Carl Reinhold Sahlberg (January 22, 1779, Eura – October 18, 1860, Yläne) was a Finnish naturalist, primarily an entomologist specializing in beetles. He was the father of entomologist Reinhold Ferdinand Sahlberg (1811–1874), grandfather of entomologist Johan Reinhold Sahlberg (1845–1920), and great grandfather of Uunio Saalas (1882–1969).

==Biography==
In 1818 Carl Reinhold Sahlberg succeeded Carl Niclas Hellenius as professor of economy and natural history at Finland’s then only University in Turku (Åbo), the Academy of Åbo. In 1827 the town and the university were destroyed by fire. The remnants of the natural history collections were taken to Helsinki where the University then moved under the name of Imperial Alexander University in Finland (and eventually became University of Helsinki in 1918).

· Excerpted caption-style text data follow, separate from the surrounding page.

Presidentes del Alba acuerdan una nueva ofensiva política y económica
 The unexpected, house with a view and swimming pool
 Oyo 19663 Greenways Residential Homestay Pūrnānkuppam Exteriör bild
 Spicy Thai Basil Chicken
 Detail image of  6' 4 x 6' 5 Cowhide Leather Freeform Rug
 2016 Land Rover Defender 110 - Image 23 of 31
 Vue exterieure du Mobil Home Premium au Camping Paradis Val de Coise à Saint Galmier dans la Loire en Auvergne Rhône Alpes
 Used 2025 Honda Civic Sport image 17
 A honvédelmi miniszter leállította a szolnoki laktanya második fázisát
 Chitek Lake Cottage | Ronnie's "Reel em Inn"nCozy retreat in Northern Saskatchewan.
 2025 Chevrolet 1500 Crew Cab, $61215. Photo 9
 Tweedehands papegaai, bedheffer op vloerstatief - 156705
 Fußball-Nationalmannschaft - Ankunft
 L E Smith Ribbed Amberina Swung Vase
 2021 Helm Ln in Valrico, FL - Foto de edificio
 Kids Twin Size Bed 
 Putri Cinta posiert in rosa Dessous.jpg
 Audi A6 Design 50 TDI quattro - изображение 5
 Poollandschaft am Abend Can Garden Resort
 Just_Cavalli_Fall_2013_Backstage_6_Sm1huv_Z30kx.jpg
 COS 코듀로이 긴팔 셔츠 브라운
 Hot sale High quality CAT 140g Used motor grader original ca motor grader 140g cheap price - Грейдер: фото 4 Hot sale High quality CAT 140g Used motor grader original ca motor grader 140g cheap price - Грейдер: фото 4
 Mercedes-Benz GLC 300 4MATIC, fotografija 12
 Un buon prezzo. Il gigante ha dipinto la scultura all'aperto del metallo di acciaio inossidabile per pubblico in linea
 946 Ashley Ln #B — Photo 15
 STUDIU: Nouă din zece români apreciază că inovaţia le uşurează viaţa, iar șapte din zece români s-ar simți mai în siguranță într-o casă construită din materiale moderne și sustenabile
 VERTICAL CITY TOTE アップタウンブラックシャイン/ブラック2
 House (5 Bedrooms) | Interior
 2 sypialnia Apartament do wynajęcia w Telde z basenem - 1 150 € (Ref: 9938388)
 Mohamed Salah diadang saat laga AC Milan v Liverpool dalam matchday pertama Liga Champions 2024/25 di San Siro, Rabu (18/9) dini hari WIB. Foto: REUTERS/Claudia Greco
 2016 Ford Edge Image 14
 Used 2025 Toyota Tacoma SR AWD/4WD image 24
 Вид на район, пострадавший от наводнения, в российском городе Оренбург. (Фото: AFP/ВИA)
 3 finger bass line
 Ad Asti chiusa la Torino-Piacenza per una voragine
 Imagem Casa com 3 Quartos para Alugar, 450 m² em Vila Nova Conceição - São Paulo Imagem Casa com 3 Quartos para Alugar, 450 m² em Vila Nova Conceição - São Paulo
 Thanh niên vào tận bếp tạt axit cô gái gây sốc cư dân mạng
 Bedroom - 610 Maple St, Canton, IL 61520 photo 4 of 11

Sahlberg replaced the lost collections, played a major role in establishing a new botanical garden in Helsinki, and with his pupils organised a scientific society "Societas pro Fauna et Flora Fennica". Its only scope was natural history. The society widened to include other sectors of biology only in 1921.

Sahlberg's son Reinhold Ferdinand Sahlberg, grandson Johan Reinhold Sahlberg and his son Uunio Saalas were also entomologists.

==Works==
- Dissertatio entomologica insecta Fennica enumerans (Coleoptera) 1834

==Collections==
Sahlberg's insect collection is in the Finnish Museum of Natural History.